* _Activity_
From the opening line of the records through the line bearing "Veterinaria esamina gatto sul tavolo d'esame", set down every line exactly.

* _Material to process_
▼
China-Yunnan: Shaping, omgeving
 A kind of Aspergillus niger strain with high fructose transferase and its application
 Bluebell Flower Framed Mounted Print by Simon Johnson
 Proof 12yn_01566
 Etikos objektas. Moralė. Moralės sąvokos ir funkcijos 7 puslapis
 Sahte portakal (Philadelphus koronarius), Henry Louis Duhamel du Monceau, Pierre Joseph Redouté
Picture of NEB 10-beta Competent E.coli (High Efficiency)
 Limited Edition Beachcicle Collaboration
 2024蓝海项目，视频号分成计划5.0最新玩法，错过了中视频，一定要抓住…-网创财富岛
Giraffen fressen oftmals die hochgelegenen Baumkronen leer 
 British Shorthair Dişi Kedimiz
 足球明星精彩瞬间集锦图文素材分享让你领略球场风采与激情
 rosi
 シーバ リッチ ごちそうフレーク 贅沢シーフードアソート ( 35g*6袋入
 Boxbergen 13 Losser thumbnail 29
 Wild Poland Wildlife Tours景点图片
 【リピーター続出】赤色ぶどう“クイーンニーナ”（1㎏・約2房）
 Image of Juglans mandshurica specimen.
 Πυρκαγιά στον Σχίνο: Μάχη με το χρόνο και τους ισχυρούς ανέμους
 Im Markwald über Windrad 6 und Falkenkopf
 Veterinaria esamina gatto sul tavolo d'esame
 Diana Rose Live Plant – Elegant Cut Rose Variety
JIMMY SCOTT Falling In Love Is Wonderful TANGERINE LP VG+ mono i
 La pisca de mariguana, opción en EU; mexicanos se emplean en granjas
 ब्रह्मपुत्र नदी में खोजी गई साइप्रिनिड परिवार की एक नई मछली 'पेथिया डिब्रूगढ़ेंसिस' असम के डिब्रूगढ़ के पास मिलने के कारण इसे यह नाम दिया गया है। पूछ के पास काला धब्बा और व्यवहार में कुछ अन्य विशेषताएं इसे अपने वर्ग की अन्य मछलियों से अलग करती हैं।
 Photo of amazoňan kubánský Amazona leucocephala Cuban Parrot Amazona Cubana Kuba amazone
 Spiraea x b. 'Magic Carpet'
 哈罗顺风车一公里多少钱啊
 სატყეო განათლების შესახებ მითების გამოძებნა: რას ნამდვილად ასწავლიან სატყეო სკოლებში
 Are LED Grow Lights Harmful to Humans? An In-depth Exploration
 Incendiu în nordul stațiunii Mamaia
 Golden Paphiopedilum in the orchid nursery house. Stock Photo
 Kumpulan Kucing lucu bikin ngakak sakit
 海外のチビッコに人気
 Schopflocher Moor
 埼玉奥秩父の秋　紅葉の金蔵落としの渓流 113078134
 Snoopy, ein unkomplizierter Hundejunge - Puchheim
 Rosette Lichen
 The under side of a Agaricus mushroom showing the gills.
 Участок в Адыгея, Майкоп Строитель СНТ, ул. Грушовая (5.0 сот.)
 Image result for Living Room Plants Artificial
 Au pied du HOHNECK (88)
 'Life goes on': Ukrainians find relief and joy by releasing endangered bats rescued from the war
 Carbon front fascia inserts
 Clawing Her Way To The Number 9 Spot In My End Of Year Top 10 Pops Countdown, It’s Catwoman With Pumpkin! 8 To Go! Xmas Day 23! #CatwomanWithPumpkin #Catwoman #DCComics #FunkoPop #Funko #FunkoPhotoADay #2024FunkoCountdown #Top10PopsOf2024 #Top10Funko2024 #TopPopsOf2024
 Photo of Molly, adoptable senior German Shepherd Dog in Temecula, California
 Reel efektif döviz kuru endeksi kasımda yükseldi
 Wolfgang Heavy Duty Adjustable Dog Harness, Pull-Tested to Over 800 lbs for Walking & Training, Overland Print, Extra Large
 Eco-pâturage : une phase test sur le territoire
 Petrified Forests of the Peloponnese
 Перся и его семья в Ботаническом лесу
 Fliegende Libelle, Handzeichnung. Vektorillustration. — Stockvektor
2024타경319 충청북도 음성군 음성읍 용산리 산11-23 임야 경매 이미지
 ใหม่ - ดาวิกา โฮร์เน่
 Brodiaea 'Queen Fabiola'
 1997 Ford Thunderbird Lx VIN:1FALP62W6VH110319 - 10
▲
* _Written response_
China-Yunnan: Shaping, omgeving
 A kind of Aspergillus niger strain with high fructose transferase and its application
 Bluebell Flower Framed Mounted Print by Simon Johnson
 Proof 12yn_01566
 Etikos objektas. Moralė. Moralės sąvokos ir funkcijos 7 puslapis
 Sahte portakal (Philadelphus koronarius), Henry Louis Duhamel du Monceau, Pierre Joseph Redouté
Picture of NEB 10-beta Competent E.coli (High Efficiency)
 Limited Edition Beachcicle Collaboration
 2024蓝海项目，视频号分成计划5.0最新玩法，错过了中视频，一定要抓住…-网创财富岛
Giraffen fressen oftmals die hochgelegenen Baumkronen leer 
 British Shorthair Dişi Kedimiz
 足球明星精彩瞬间集锦图文素材分享让你领略球场风采与激情
 rosi
 シーバ リッチ ごちそうフレーク 贅沢シーフードアソート ( 35g*6袋入
 Boxbergen 13 Losser thumbnail 29
 Wild Poland Wildlife Tours景点图片
 【リピーター続出】赤色ぶどう“クイーンニーナ”（1㎏・約2房）
 Image of Juglans mandshurica specimen.
 Πυρκαγιά στον Σχίνο: Μάχη με το χρόνο και τους ισχυρούς ανέμους
 Im Markwald über Windrad 6 und Falkenkopf
 Veterinaria esamina gatto sul tavolo d'esame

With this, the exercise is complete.